Manuel Vilas n'apporte pas vraiment de réponse à cette question. Ou plutôt, il y apporte une réponse désespérante. Son personnage central, Irene, court après la recherche de son mari décédé, au travers de rencontres de passage. Avec l'idée que le sexe peut ressusciter, ne serait-ce que durant quelques secondes, la présence éblouissante de cet amour perdu. Argument spécieux et discutable, que je ne me laisserai pas aller à discuter ici.

Irene n'a rien de spécialement attachant. Elle est riche, sans foyer, elle erre le long de la Méditerranée, allant d'hôtel de luxe en parador. Méprisant la réalité et les conventions, n'ayant pas vraiment d'amis, ne perdant pas son temps en mondanités superficielles et inutiles.

L'argent ne lui rendra pas Marcelo, alors Irene le dépense. L'argent, trivial, tient une bonne place dans ce récit. L'argent, et le mépris pour la classe des petits-bourgeois, définie comme l'ensemble des gens qui n'éprouvent ni convoitise, ni désir. Bref, ceux qui se contentent de ce qu'ils ont. Les vacanciers, par exemple, sont fainéants, il leur faut trouver un hôtel proche de la plage. Les touristes sont des minables, ils se méfient de ce qui est trop bon marché. le luxe est une forme de protection contre la stupidité de la société. Ikea symbolise l'échec de l'amour, sa banalisation. Même l'architecture est devenue trop sophistiquée, fonctionnelle, sans beauté. L'Etat ne cherche qu'à prélever des impôts. Et ainsi de suite.

Il nous faudra attendre les cinquante dernières pages pour découvrir l'envers du décor, un autre aspect de la vie d'Irene, expliquant notamment son rapport avec le feu, ainsi que l'attachement particulier qu'elle éprouve envers le temps, symbolisé entre autres par son obsession envers les montres de ses amants d'un soir.

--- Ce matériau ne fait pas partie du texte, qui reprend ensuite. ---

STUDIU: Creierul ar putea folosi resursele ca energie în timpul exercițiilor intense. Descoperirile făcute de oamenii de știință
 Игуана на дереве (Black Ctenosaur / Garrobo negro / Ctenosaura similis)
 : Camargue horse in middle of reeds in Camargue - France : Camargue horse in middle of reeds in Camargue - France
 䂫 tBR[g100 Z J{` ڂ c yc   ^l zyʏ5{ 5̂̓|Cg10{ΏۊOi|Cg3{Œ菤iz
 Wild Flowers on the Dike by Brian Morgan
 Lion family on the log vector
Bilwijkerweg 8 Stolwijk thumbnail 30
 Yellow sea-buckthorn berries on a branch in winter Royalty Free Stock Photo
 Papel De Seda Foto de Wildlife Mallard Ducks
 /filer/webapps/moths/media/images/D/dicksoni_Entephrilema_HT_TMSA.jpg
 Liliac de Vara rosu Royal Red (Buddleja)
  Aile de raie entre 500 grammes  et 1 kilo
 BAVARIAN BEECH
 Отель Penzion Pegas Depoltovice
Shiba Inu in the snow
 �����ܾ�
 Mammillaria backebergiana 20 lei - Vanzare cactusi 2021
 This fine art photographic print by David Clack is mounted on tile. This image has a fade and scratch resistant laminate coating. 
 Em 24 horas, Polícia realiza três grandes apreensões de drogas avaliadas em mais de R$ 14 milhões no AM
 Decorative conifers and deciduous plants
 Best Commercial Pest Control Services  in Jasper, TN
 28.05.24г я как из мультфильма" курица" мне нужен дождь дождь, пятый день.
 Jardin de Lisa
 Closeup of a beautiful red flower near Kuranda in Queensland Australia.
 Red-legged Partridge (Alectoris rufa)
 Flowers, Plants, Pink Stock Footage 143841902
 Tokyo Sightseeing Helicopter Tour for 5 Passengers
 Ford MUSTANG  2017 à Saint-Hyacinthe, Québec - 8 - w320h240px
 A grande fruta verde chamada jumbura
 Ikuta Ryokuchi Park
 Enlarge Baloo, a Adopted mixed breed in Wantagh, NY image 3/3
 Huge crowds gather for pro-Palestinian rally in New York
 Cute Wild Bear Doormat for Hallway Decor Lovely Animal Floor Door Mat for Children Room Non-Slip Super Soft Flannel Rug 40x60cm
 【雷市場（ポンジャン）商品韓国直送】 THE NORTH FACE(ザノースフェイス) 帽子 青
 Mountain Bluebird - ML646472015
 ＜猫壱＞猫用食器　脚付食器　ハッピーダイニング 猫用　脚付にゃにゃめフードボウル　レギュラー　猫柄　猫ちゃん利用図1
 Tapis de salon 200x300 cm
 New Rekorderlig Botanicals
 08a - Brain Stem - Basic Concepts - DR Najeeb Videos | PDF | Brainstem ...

Le style est parfois un peu pesant. Manuel Vilas ne nous épargne pas les platitudes, mais en écrivain retors, il désamorce lui-même la critique: son Irene se qualifie elle-même de ringarde et de ridicule... et en contrepoint de ces lieux communs, il nous confirme s'il en était besoin que l'amour ne se décrit pas; que nous pouvons parler d'émotions, mais pas d'amour. Au final, le roman fait réfléchir sur différents thèmes, l'amour évidemment, la beauté, la maladie, et le deuil. D'ailleurs, l'amour n'est-il pas une maladie?